The British territory connected to mainland Spain will remain part of the Shengen area
Britain has reached a deal with Spain for Gibraltar to join the Schengen open border zone, maintaining free-flowing movement to and from the Spanish mainland.
The deal was announced by Spanish foreign minister Arancha González just hours before the Brexit deadline of midnight on December 31, at which point border checks would have been introduced, restricting the flow of goods and people.
“The border fence is to be demolished,” said Ms González on Thursday. “We are knocking down the border to build an area of shared prosperity – that is the message from this agreement,” she added
Under the deal struck on Thursday, Frontex, the EU’s border force, will “assist Spain” in controlling security at Gibraltar’s airport and port for a transition period of four years. Sources close to the negotiations said that the presence of Spanish security forces on Gibraltarian soil was a major sticking point.

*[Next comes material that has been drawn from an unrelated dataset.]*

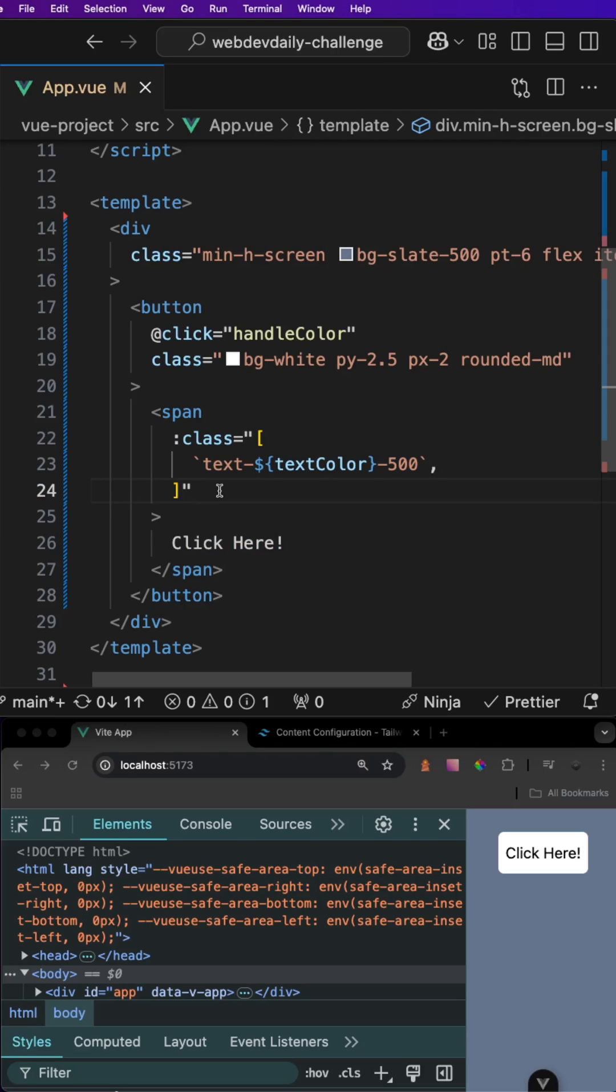When you're working with a framework like Vue or React, it's very common that you may want to set up some dynamic classes.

However, Ms González emphasised the fact that Spain would be responsible for the application of Schengen rules in the territory as it is a signatory of the European open-border treaty, while Britain is not. She would not be drawn on the exact details of whether Spanish agents would be involved in border security in Gibraltar or what might happen at the end of the four-year transition period.
The minister said that Spain was satisfied with this in-principle agreement and was now handing over to the EU to finalise the details with the UK over the next six months.
The current rules regarding movement in and out of Gibraltar and Gibraltarians’ existing rights to circulate in Spain and use healthcare services is to be maintained in the meantime.
As talks over the post-Brexit relationship between Gibraltar and Spain approached the New Year’s Eve midnight deadline, residents of the territory had feared their livelihoods would be disrupted by friction at the border.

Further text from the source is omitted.